RECORDS TO USE

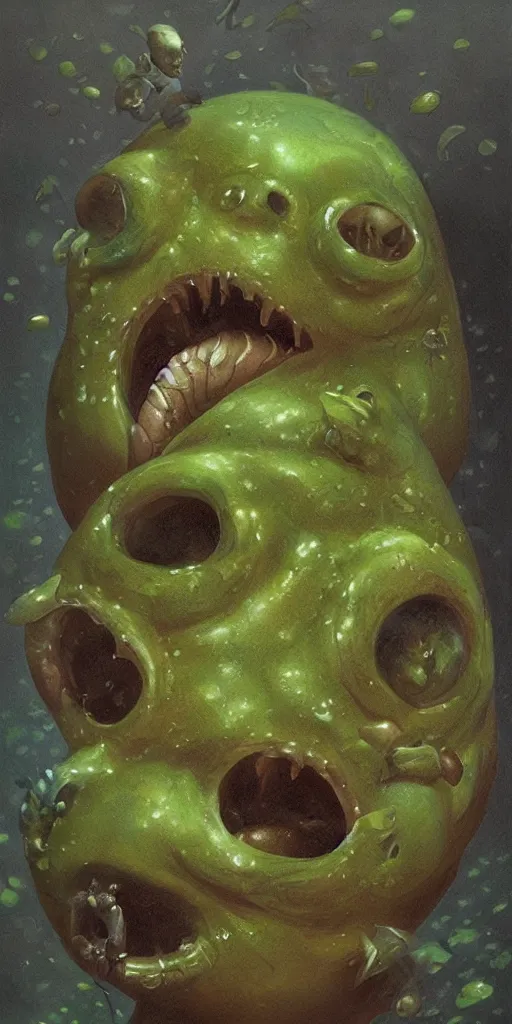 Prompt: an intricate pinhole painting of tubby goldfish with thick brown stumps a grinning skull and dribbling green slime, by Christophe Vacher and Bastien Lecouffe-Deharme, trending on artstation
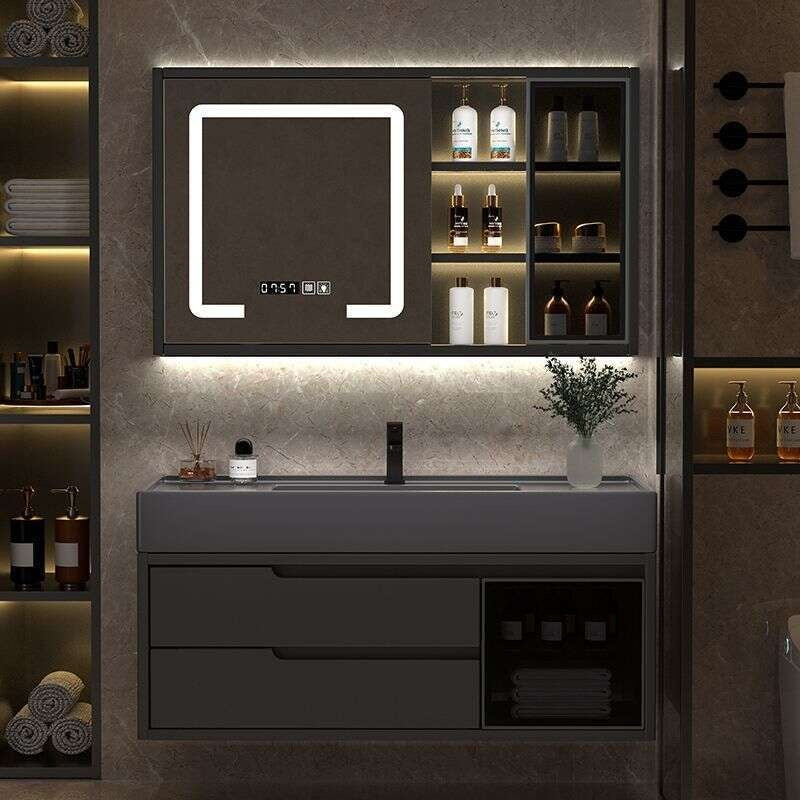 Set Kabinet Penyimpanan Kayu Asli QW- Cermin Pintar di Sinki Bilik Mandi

==

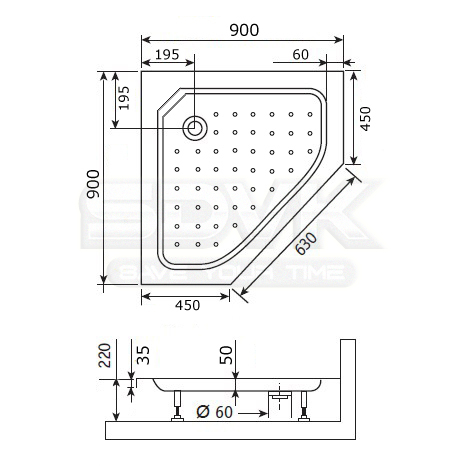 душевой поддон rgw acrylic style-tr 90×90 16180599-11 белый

TASK ITEM
Each line above from the one containing "Prompt: an intricate" through the one containing "Set Kabinet Penyimpanan" is to be returned verbatim. Nothing else, and no pictures.

TASK RESPONSE
 Prompt: an intricate pinhole painting of tubby goldfish with thick brown stumps a grinning skull and dribbling green slime, by Christophe Vacher and Bastien Lecouffe-Deharme, trending on artstation
 Set Kabinet Penyimpanan Kayu Asli QW- Cermin Pintar di Sinki Bilik Mandi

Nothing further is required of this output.